** Source material follows **

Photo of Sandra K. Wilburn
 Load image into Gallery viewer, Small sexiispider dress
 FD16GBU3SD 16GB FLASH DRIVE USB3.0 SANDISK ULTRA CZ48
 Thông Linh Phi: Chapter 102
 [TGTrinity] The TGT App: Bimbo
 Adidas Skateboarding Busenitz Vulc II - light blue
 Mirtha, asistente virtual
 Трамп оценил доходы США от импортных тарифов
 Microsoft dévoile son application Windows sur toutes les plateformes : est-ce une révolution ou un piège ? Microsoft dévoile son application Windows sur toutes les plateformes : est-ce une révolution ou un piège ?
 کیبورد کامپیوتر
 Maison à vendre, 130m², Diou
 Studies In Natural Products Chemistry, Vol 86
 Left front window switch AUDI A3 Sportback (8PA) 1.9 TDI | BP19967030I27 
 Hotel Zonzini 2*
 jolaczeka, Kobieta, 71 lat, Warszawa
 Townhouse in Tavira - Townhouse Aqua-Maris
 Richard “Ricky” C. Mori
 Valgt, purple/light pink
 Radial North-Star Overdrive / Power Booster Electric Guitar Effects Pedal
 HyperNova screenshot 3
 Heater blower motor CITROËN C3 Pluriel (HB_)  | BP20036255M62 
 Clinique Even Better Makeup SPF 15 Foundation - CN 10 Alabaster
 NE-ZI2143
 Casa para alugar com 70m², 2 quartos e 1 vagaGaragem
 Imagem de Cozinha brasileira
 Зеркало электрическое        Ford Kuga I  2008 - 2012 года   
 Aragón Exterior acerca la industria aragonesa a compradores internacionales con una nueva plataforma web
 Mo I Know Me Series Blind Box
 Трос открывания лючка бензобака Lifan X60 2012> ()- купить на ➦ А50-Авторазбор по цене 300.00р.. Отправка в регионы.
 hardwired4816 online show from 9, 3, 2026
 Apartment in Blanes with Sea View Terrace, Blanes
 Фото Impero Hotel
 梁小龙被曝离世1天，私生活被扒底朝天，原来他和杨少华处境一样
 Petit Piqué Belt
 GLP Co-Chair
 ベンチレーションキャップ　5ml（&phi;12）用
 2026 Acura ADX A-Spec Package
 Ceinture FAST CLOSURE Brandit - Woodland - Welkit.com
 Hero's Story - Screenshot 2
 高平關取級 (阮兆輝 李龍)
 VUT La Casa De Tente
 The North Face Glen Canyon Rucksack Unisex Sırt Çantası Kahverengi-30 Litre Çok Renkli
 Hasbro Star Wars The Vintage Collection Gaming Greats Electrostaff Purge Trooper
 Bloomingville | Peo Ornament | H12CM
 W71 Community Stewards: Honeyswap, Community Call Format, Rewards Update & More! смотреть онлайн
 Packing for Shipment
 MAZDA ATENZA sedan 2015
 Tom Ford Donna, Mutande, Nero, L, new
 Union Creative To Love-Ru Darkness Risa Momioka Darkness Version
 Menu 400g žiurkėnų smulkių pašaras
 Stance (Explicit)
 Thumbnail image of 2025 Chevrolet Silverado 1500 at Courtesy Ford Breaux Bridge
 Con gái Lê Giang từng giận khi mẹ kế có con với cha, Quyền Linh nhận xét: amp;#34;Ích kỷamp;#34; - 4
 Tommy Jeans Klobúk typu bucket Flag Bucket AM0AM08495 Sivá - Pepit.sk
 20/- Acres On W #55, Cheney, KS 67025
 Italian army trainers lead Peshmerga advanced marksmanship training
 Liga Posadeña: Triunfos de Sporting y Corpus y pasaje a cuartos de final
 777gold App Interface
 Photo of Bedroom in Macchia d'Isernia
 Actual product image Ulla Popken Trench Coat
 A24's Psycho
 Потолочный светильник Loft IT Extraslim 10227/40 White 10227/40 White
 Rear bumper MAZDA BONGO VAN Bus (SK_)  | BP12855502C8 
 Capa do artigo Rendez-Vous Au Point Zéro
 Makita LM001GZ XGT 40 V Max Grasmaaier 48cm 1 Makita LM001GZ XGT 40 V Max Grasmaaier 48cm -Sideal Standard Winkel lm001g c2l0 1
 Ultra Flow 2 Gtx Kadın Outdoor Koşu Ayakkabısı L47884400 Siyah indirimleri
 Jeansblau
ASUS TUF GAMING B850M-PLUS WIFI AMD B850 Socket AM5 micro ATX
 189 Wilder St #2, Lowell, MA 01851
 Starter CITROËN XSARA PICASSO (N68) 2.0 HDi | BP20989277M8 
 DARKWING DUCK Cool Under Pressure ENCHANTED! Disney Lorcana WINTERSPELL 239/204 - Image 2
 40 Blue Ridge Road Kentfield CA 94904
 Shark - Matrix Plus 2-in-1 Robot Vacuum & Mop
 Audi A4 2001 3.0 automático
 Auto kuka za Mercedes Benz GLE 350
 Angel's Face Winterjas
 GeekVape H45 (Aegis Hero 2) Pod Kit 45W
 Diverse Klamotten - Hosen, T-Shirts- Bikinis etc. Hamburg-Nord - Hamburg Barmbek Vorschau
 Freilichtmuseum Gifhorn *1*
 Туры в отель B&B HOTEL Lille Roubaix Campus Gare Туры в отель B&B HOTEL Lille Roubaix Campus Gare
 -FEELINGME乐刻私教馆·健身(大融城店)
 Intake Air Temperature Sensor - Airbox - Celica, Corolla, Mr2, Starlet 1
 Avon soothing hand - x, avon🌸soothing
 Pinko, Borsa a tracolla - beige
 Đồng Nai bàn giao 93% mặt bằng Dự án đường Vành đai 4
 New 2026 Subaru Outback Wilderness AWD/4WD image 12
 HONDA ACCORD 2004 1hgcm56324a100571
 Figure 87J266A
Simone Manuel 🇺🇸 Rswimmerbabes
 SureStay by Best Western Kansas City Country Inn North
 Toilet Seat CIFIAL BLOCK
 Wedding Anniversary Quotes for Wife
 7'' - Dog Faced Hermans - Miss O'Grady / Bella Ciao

** End of Source material **

Task requirements >>
Your answer should consist of the lines above that hold the word "CITROËN".

Answer space >>
 Heater blower motor CITROËN C3 Pluriel (HB_)  | BP20036255M62 
 Starter CITROËN XSARA PICASSO (N68) 2.0 HDi | BP20989277M8 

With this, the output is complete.